Diane Coyle for example writes that Reed’s piece conforms to a list of ‘bad’ criticisms helpfully compiled by Auld, which begins: ‘Every mainstream science which touches on political or religious ideology attracts more than its fair share of deniers: the anti-vaccine crowd v mainstream medicine, GMO fearmongers v geneticists, creationists v biologists, global warming deniers v climatologists. Economics is no different.’ Economist Pieter Gautier similarly explained the existence of heterodox approaches by saying that ‘You also see this happening in the other sciences; in biology you have intelligent design, in climate science you have the climate skeptics.’ Pontus Rendahl told the Financial Times in 2016 that calling for more pluralism in economics is ‘the same argument as the creationists in the US who say that natural selection is just a theory,’ while Michael Ben-Gad said that student groups want to be ‘liberated from neoclassical economics’ dogmatic insistence on internal logic, mathematical rigour and quantification … Still, we do not teach astrology or creationism in our universities, though some students might enjoy them more than physics.’ According to Simon Wren-Lewis, the problem with pluralism is ‘obvious once you make the comparison to medicine. Don’t like the idea of vaccination? Pick an expert from the anti-vaccination medical school.’ Or as the IFS economists put it, ‘We are not astrologers’.
Just as Robert FitzRoy had to defend the Met. Office against astrologers (though not creationists, since he was one), so economists are in a battle for what counts as science – which as Feynman noted has always been associated with the ability to predict. The difference is that, while FitzRoy was distancing himself from actual astrologers, mainstream economists tar a broad range of critics as ‘ill-informed’ and ‘dangerous’ deniers, regardless of their background or experience, in what looks like a kind of Hegelian ‘othering’.
Reality check
However, the issue is not ‘political or religious ideology’, it’s science. Predictions are obviously an important part of the scientific method, and when predictions do go badly wrong, it should serve as a reality check. While providing storm warnings is far from being the only job of economists (and expectations are much lower than in something like meteorology), it is surely one of the most important, which is why central banks for example devote considerable resources to it. And reflexively stamping critics and heterodox economists as anti-scientific deniers doesn’t seem very scientific – especially when some of them actually seem to be better at the prediction stuff.

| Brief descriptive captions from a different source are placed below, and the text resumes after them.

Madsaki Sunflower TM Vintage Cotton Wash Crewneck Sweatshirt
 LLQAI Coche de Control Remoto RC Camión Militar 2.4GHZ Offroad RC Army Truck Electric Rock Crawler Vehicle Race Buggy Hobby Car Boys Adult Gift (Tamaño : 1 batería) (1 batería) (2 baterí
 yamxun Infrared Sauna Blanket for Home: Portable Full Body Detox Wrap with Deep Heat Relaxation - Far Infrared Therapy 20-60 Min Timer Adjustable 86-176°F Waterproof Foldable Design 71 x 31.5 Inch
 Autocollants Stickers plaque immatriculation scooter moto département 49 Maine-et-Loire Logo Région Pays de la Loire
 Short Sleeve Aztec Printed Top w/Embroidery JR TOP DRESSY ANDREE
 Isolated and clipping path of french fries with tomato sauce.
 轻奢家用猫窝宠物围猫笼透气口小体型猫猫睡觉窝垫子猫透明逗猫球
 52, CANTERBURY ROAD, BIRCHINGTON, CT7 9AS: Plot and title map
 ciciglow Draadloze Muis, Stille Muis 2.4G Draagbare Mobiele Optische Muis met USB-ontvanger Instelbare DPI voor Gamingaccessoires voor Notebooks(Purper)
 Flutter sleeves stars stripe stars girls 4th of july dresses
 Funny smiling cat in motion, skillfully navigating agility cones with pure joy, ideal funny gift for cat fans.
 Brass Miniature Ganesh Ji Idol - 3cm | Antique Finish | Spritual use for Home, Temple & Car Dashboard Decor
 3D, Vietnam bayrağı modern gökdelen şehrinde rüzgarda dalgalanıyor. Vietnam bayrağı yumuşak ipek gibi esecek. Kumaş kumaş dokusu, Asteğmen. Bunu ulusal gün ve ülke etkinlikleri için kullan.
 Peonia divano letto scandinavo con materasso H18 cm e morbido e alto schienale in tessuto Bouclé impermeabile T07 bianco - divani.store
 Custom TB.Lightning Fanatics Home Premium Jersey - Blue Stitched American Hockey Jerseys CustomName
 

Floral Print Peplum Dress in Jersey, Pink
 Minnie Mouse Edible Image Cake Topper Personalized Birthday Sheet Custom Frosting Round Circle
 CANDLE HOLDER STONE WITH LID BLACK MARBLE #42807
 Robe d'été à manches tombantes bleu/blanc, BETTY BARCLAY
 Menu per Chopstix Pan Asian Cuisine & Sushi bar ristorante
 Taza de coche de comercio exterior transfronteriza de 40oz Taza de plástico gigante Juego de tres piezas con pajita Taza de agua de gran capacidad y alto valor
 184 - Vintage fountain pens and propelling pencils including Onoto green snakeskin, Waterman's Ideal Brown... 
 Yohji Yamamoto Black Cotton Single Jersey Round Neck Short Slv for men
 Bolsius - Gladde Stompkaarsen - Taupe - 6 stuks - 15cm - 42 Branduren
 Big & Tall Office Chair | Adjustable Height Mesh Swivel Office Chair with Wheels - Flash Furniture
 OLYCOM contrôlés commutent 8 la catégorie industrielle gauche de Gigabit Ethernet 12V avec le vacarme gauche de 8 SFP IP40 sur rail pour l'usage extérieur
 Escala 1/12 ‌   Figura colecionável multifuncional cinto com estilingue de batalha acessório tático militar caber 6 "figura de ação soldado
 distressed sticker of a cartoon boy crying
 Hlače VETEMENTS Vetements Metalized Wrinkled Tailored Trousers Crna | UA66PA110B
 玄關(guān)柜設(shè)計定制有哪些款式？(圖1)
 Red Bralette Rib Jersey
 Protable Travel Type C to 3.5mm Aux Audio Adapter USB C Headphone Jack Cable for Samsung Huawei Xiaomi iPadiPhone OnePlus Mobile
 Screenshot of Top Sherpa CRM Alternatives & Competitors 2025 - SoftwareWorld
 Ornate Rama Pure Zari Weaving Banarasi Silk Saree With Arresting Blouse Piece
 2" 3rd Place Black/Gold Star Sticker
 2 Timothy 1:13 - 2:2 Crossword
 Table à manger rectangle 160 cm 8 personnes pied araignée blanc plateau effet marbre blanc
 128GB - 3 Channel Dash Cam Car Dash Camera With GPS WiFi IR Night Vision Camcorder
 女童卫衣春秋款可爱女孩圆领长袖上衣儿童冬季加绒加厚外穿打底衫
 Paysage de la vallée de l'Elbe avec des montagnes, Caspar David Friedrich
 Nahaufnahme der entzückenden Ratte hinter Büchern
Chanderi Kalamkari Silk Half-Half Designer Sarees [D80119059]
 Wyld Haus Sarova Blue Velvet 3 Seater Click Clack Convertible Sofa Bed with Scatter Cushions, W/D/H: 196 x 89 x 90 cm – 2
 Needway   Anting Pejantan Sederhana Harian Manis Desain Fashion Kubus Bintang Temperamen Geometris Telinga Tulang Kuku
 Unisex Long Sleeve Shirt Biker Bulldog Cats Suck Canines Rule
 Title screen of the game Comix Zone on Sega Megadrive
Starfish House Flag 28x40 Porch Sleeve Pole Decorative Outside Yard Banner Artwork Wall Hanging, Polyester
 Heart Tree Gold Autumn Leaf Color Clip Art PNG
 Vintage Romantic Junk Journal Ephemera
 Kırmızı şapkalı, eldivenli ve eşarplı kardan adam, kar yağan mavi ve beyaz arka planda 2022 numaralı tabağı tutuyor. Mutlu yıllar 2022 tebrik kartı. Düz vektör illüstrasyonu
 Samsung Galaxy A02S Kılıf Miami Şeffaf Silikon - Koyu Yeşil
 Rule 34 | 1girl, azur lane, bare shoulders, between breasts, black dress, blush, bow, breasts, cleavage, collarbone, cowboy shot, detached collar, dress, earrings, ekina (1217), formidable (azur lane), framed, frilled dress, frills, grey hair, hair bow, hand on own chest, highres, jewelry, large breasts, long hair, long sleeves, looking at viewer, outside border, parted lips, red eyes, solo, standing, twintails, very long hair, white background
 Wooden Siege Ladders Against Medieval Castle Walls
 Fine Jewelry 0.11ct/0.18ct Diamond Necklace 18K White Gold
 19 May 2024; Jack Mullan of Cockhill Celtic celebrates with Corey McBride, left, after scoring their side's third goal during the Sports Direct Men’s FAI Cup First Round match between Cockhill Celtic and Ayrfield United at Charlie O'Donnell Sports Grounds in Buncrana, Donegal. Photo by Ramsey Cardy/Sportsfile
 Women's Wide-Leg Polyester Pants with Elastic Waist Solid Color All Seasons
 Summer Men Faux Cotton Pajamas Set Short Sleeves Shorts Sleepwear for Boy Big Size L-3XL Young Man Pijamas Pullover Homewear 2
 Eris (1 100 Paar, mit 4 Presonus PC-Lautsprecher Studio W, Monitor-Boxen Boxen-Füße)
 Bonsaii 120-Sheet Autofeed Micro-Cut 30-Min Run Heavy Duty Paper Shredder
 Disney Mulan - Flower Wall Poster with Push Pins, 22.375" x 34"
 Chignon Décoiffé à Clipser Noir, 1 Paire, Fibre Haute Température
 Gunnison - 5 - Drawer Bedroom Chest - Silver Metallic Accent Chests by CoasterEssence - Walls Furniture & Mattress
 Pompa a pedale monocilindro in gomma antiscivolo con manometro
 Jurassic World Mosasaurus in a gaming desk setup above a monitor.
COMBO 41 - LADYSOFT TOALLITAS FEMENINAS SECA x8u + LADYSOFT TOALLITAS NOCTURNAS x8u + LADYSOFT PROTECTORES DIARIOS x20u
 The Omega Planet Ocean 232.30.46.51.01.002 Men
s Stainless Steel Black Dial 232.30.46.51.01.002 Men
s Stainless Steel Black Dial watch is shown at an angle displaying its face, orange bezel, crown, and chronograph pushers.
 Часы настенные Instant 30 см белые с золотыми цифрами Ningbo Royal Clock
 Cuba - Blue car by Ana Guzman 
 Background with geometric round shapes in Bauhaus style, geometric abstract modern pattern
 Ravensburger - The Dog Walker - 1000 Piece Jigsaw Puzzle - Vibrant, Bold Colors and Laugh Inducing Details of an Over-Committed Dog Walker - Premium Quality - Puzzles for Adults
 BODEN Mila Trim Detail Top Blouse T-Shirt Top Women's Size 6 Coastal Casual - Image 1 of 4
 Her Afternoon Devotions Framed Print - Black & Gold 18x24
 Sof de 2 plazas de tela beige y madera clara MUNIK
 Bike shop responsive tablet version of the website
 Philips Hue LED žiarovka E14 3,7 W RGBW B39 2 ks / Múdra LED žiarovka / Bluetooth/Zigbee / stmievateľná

Of course, as I point out in my forthcoming book Quantum Economics, economics should not be compared directly with weather forecasting. For one thing, the fact that economists’ predictions and models affect the economy (the financial crisis of 2008 for example was in part caused by faulty economic risk models) means that their responsibility is more like that of engineers or doctors. Instead of predicting exactly when the system will crash (no one has ever asked for a precise ‘date’), they should warn of risks, incorporate design features to help avoid failure, know how to address problems when they occur, and be alert for conflicts of interest and ethical violations. The profession’s failings in these areas, rather than any particular forecast, are the real reason so many are calling for a genuinely new paradigm in economics, as opposed to a rehashed version of the old one.
In the meantime, perhaps economists should just follow FitzRoy’s lead and invent a new word for their predictions. Econo-prognostications?